→ **Task**
In the listing below, find the line with "DLRdmv is hiring" and the line with "193 Captiva Drive - Photo Thumbnail 42", then return them and every line between them exactly, minus the pictures.

→ **Data to use**
────────

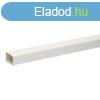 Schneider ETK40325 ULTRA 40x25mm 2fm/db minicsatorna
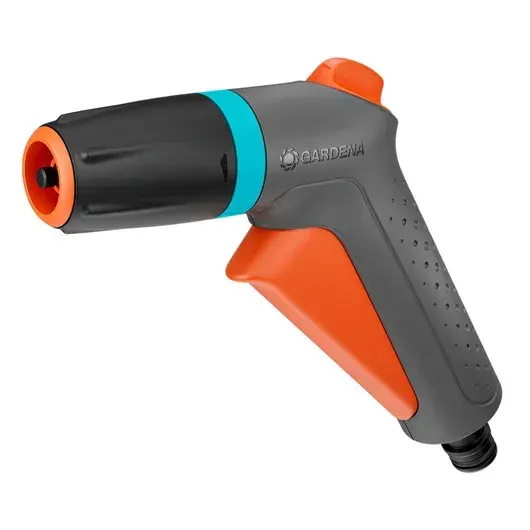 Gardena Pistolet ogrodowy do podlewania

────────

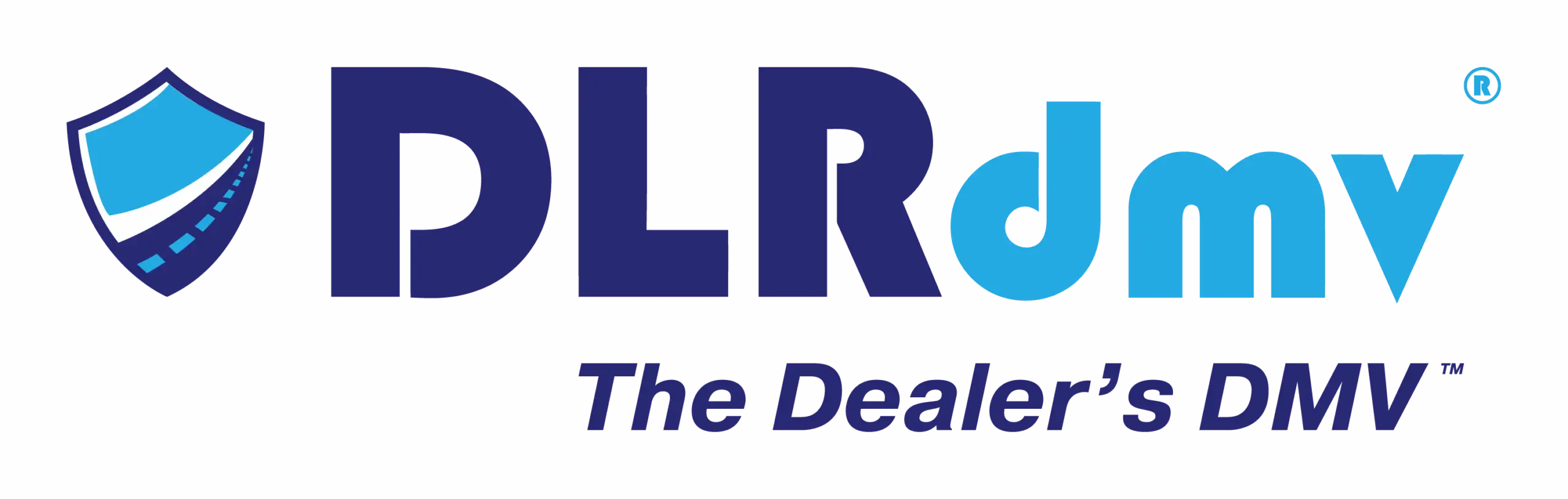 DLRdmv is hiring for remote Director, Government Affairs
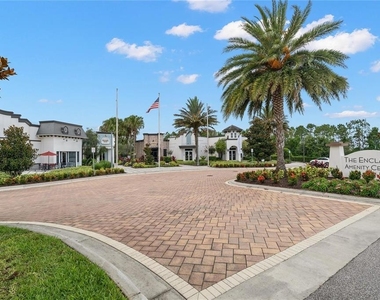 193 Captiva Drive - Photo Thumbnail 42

────────

→ **Solution to this exercise**
 DLRdmv is hiring for remote Director, Government Affairs
 193 Captiva Drive - Photo Thumbnail 42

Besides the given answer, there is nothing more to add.